Pénurie de professeurs
La demande de ces étudiantes intervient dans un contexte de pénurie de professeurs assez critique.
D’après l’Observatoire de l’Education et de la Formation de la Commission européenne (2023), la Belgique est de plus en plus confrontée à des pénuries d’enseignants. Les écoles ne parviennent pas à recruter rapidement des remplaçants qualifiés. Dès lors, la proportion d’enseignants peu ou non qualifiés est croissante. Ce qui perturbe notamment l’organisation des examens.
L’estimation en pénuries d’enseignants varie selon les communautés flamandes ou francophones. En Flandre, jusqu’en 2024, il a été nécessaire d’engager à temps plein 4 500 nouveaux enseignants par an dans l’enseignement secondaire. Dans l’enseignement primaire, les besoins en recrutement s’élèvent à 2 000 enseignants “équivalents temps-plein” par an jusqu’en 2027-2028, selon le ministère flamand de l’Education et de la Formation (2019).
D’après le service d’emploi public flamand VDAB, dans les écoles secondaires flamandes, en 2022-2023, les pénuries ont principalement touché les postes d’enseignants de mathématiques, de langues et de matières techniques. Toujours en 2022, le VDAB a reçu 15 000 offres d'emploi pour des postes d'enseignants du secondaire.

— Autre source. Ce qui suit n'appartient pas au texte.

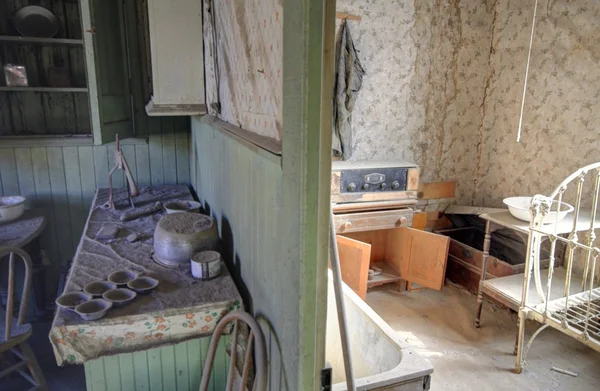 Interior de uma casa de abandono — Fotografia de Stock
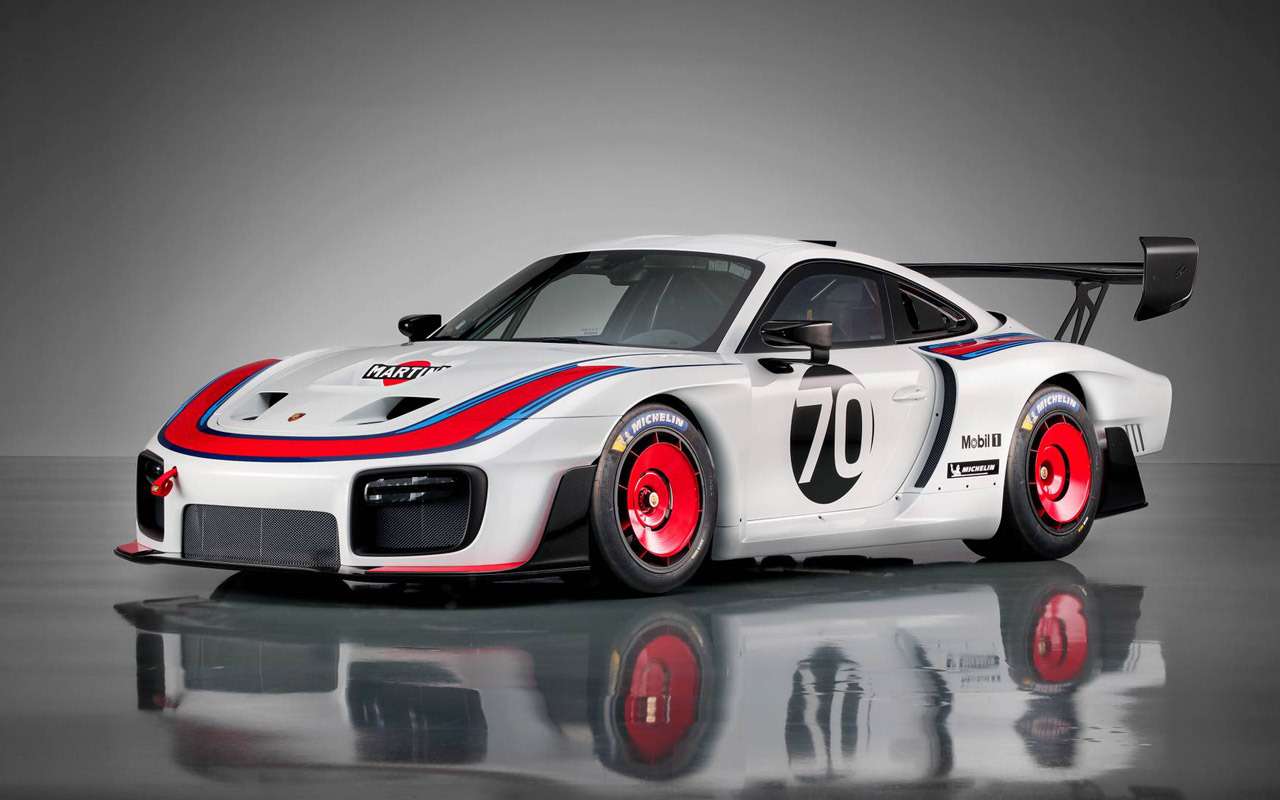 Перед вами Porsche в классическом кузове 911-й модели, но в оригинальном «обвесе». Внешне у современного Porsche 935, по сравнению с моделью 911, изменились лишь передняя и задняя части. В целом же автомобиль смотрится совершенно иначе.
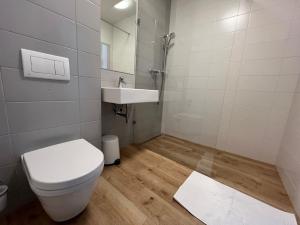 Bilik mandi di Hotel VARNSDORF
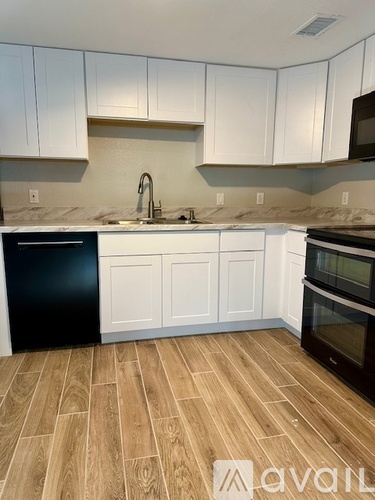 1051 Forrest Nelson Blvd 2 Beds Condo for Rent - Photo gallery 2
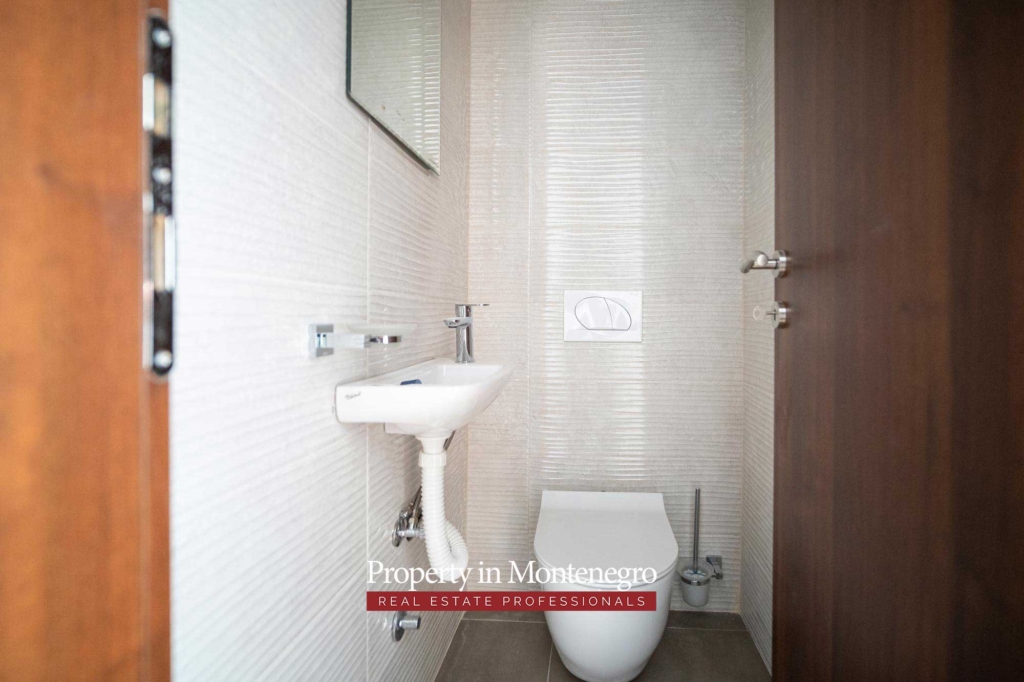 Apartment for sale in Budva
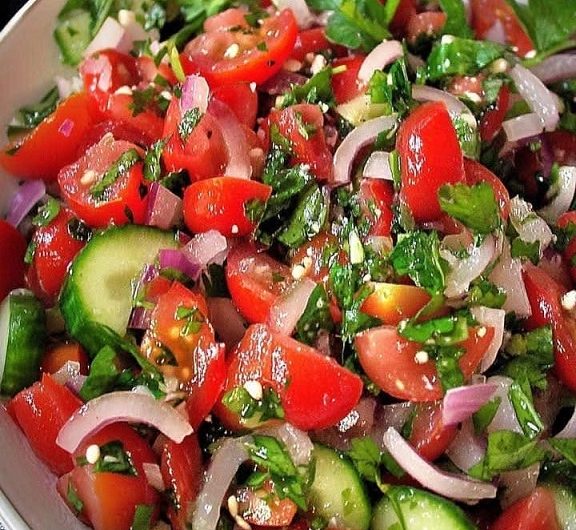 Türkischer Tomatensalat – Frisch, aromatisch und in 15 Minuten auf dem Tisch
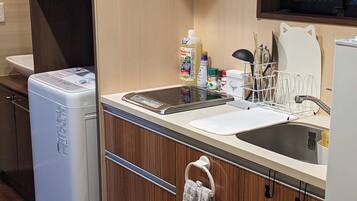 Fridge, microwave, stovetop, cookware/dishes/utensils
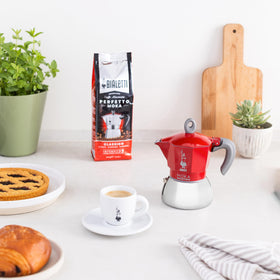 Stovetop-ready assembly of Bialetti Moka Induction with ergonomic handle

En Communauté française, les écoles bilingues sont impactées par le manque de formateurs linguistiques qualifiés. Sébastien Goffe, directeur de JOBécole, une plateforme d’offre d’emploi de l’enseignement libre, s'inquiétait en début d'année dans plusieurs médias belges. Il déplorait la difficulté de trouver des instituteurs pour le primaire et des professeurs en secondaire pour le français, le néerlandais et les sciences. En effet, la réserve d’enseignants encore disponibles sur le marché était déjà peu fournie en ce début d’année. Et les remplaçants s’épuisent de plus en plus tôt dans l’année scolaire.

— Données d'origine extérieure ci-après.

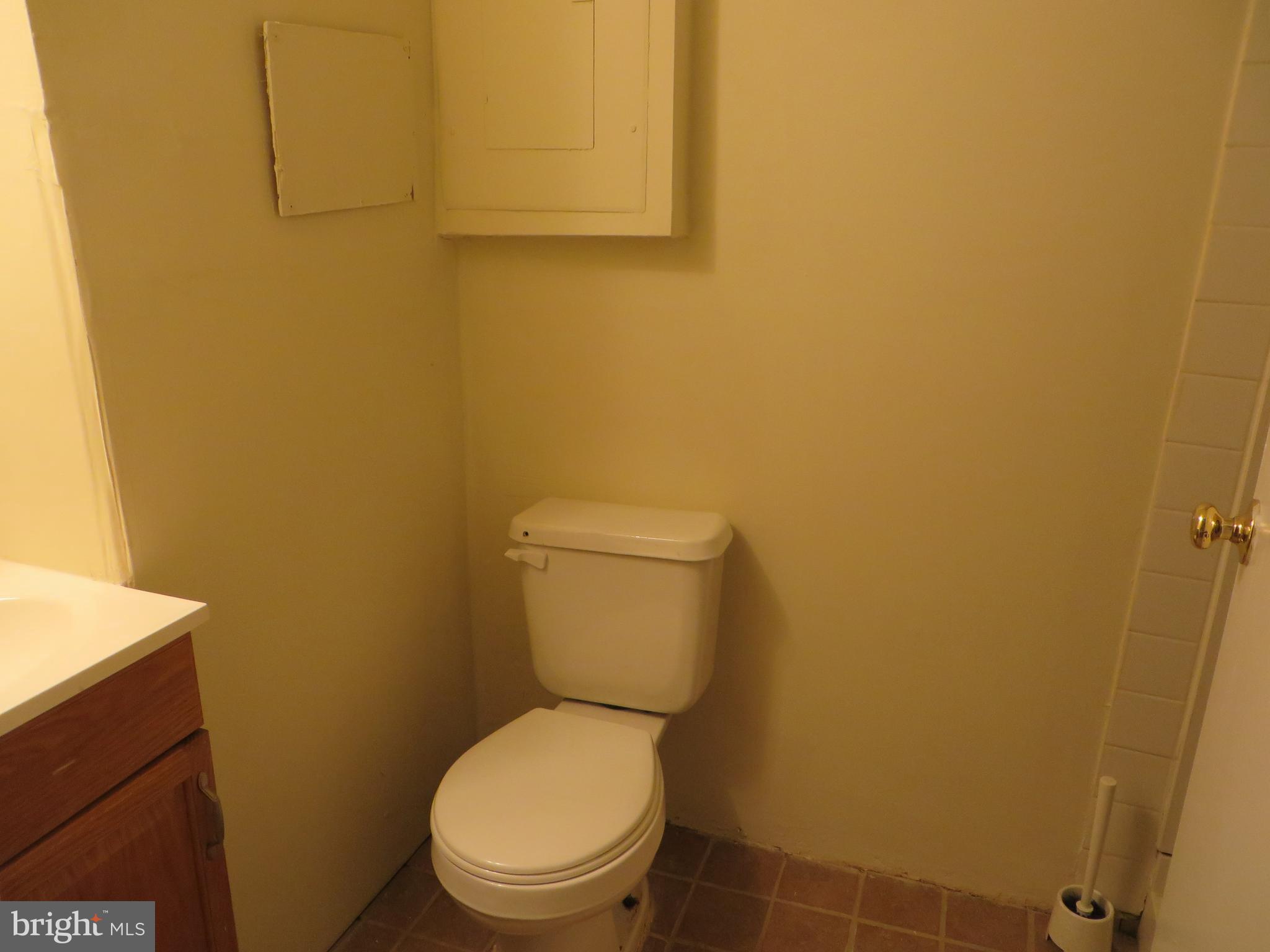 WARWICK VILLAGE - Residential Lease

Un phénomène qui touche par ailleurs plusieurs pays européens. En octobre 2023, les syndicats enseignants de l'UE ont mené une action publique et ont présenté dix recommandations au gouvernement, pour un enseignement plus attractif.
“La neutralité n’existe pas”
Le principe de neutralité empêche les enseignantes portant le foulard d’exercer. En Fédération Wallonie-Bruxelles, la neutralité dans l’enseignement est fixée par un décret (31 mars 1994). Au niveau national, l'article 24 de la Constitution garantit la neutralité dans l’enseignement organisé par la Communauté française, dans l’enseignement officiel subventionné et dans l’enseignement libre non confessionnel subventionné qui adhère au principe de la neutralité.

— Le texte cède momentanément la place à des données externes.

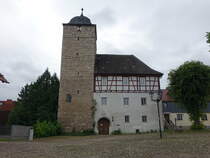 Grobodungen, Wasserburg mit Wartturm, erbaut im 13. Jahrhundert (01.07.2023)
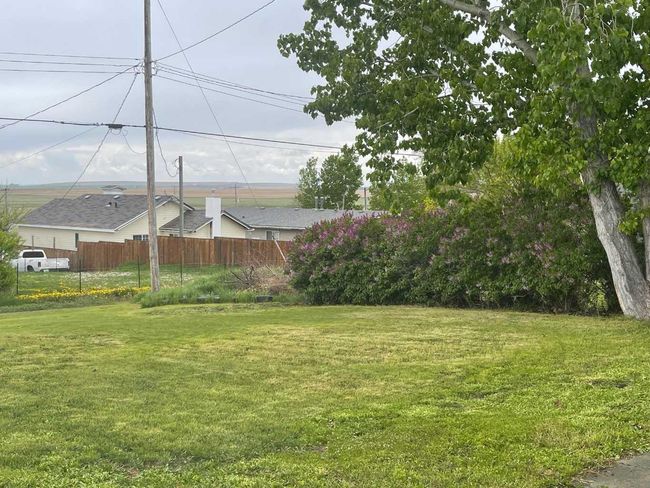 221 Frederick Avenue W, House other with 3 bedrooms, 1 bathrooms and 1 parking in Standard AB | Image 33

Pour Nora, cette neutralité n’existe pas : “Je pense qu'on peut tendre vers la neutralité, mais je ne pense pas qu’elle existe réellement. Une personne qui enseigne et qui est contrainte d'enlever son foulard lorsqu'elle donne cours, au final, elle est ce qu'elle est, elle est toujours une personne de confession musulmane. Et à la sortie des cours, les élèves la verront remettre son foulard”. L’étudiante insiste sur l’importance pour les élèves de pouvoir s’identifier à des professeurs diversifiés.
Elle détaille : “je trouve important qu'on puisse en tant qu'élève se reconnaître dans n'importe quel professeur. On est tout de même à Bruxelles, une ville où se côtoient plus de 180 nationalités différentes. On vit dans cette diversité et, paradoxalement, on nous dit que dans le secteur de l'enseignement, on doit être neutre. On ne peut pas montrer des signes qui nous distinguent les uns des autres alors qu'on vit dans cette diversité”.
Objectif 15 000 signatures
La pétition a déjà recueilli près de 2 600 signatures, mais les étudiantes espèrent atteindre un objectif plus ambitieux de 15 000 signatures. La démarche de Nora et ses camarades vise à sensibiliser le public sur cette question et à influencer les décideurs politiques pour qu'ils reconsidèrent l'interdiction des signes religieux dans l'enseignement. Elles appellent à une réflexion plus approfondie sur la notion de neutralité et sur la manière dont elle peut être conciliée avec la liberté individuelle et la diversité.